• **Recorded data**
▼

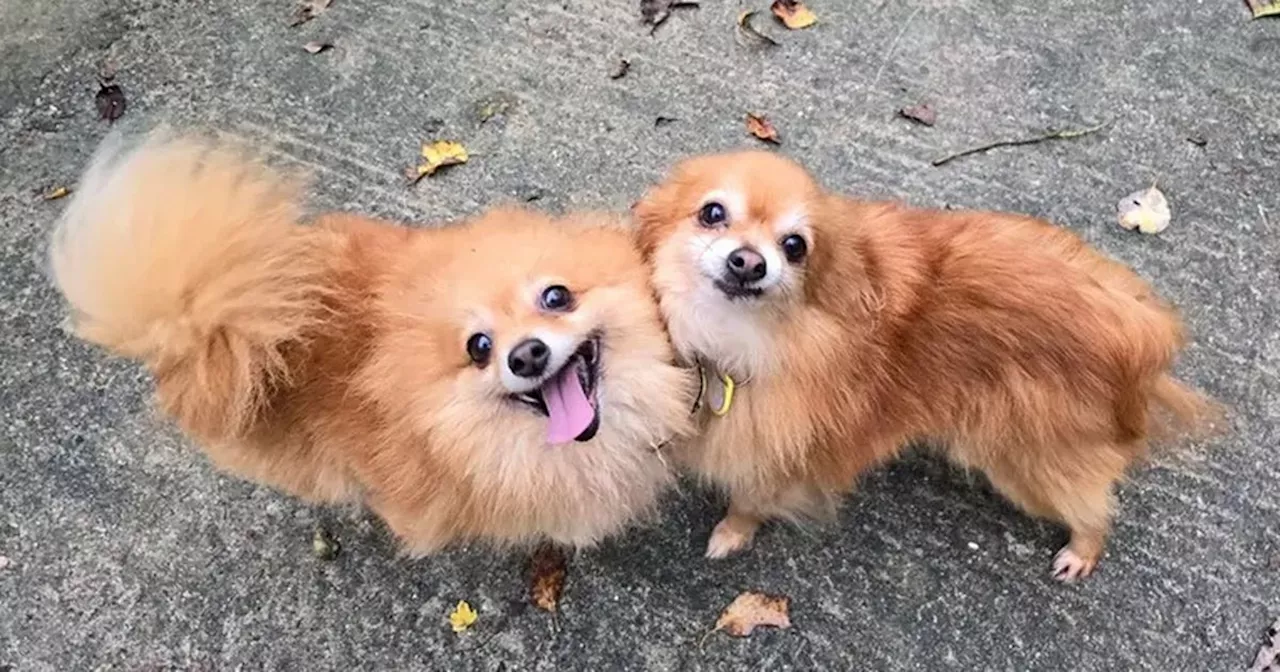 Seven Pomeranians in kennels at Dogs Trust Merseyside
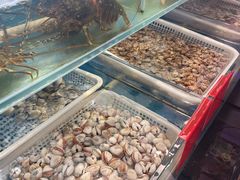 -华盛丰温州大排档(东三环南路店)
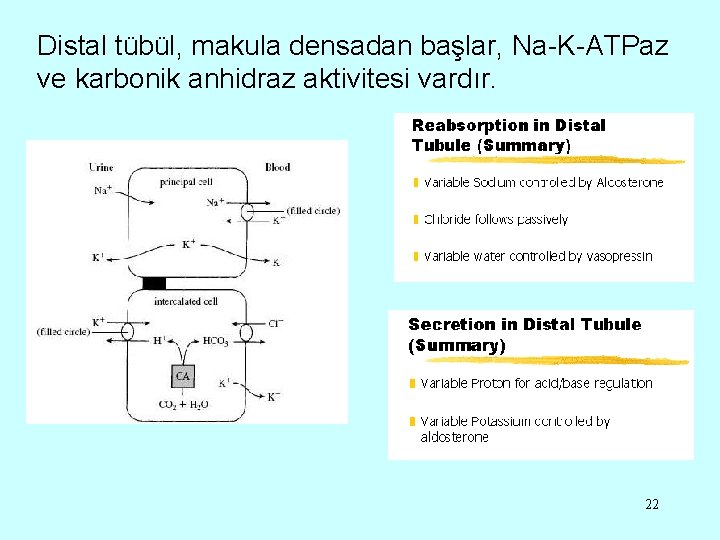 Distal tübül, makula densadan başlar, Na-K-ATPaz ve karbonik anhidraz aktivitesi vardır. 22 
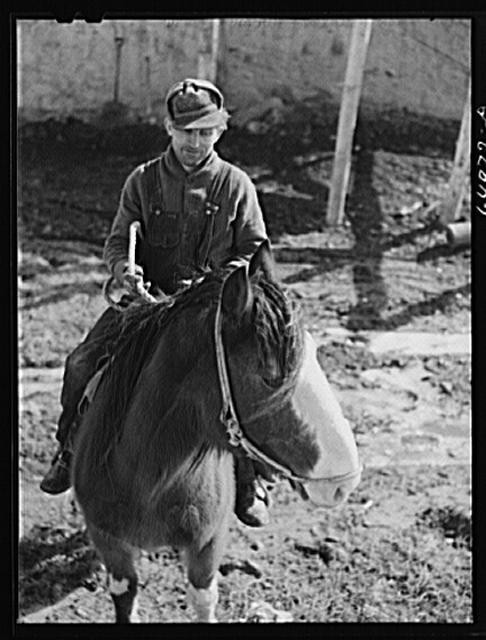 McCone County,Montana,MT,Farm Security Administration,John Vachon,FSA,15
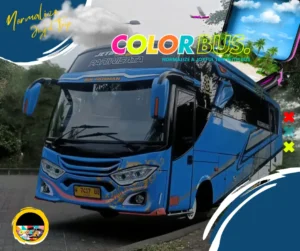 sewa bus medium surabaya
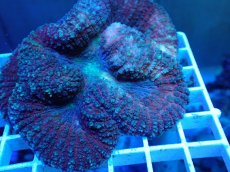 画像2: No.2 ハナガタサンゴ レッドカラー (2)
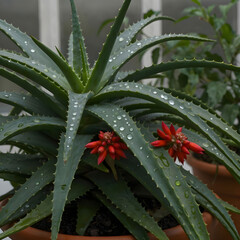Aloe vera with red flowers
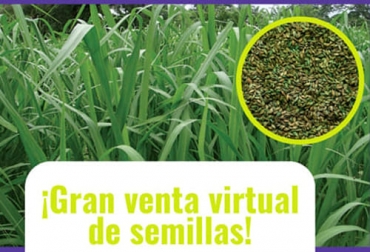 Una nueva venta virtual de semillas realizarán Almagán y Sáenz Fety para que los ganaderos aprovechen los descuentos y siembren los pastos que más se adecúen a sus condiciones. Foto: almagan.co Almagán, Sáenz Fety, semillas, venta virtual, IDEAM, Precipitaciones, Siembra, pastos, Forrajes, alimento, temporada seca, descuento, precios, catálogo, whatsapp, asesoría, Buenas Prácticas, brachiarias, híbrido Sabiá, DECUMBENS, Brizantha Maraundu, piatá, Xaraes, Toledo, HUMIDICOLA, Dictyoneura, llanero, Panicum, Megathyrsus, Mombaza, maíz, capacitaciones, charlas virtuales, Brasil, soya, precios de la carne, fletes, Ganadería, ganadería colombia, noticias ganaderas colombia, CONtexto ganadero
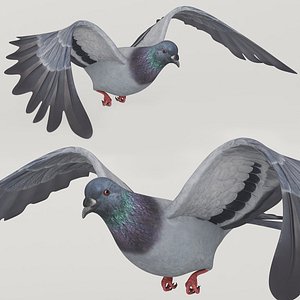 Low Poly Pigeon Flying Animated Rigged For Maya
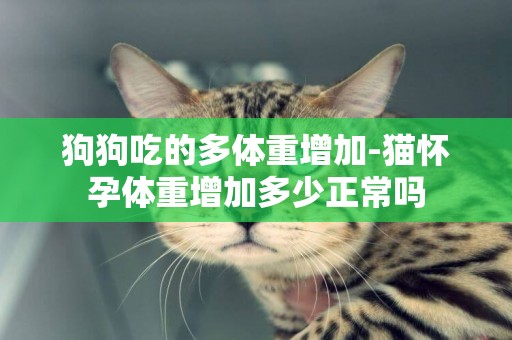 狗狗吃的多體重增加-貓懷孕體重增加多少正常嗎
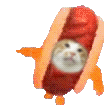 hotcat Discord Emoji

▲

• **Required action**
Without altering anything, output all the lines above but none of the images.

• **Task response**
 Seven Pomeranians in kennels at Dogs Trust Merseyside
 -华盛丰温州大排档(东三环南路店)
 Distal tübül, makula densadan başlar, Na-K-ATPaz ve karbonik anhidraz aktivitesi vardır. 22 
 McCone County,Montana,MT,Farm Security Administration,John Vachon,FSA,15
 sewa bus medium surabaya
 画像2: No.2 ハナガタサンゴ レッドカラー (2)
Aloe vera with red flowers
 Una nueva venta virtual de semillas realizarán Almagán y Sáenz Fety para que los ganaderos aprovechen los descuentos y siembren los pastos que más se adecúen a sus condiciones. Foto: almagan.co Almagán, Sáenz Fety, semillas, venta virtual, IDEAM, Precipitaciones, Siembra, pastos, Forrajes, alimento, temporada seca, descuento, precios, catálogo, whatsapp, asesoría, Buenas Prácticas, brachiarias, híbrido Sabiá, DECUMBENS, Brizantha Maraundu, piatá, Xaraes, Toledo, HUMIDICOLA, Dictyoneura, llanero, Panicum, Megathyrsus, Mombaza, maíz, capacitaciones, charlas virtuales, Brasil, soya, precios de la carne, fletes, Ganadería, ganadería colombia, noticias ganaderas colombia, CONtexto ganadero
 Low Poly Pigeon Flying Animated Rigged For Maya
 狗狗吃的多體重增加-貓懷孕體重增加多少正常嗎
 hotcat Discord Emoji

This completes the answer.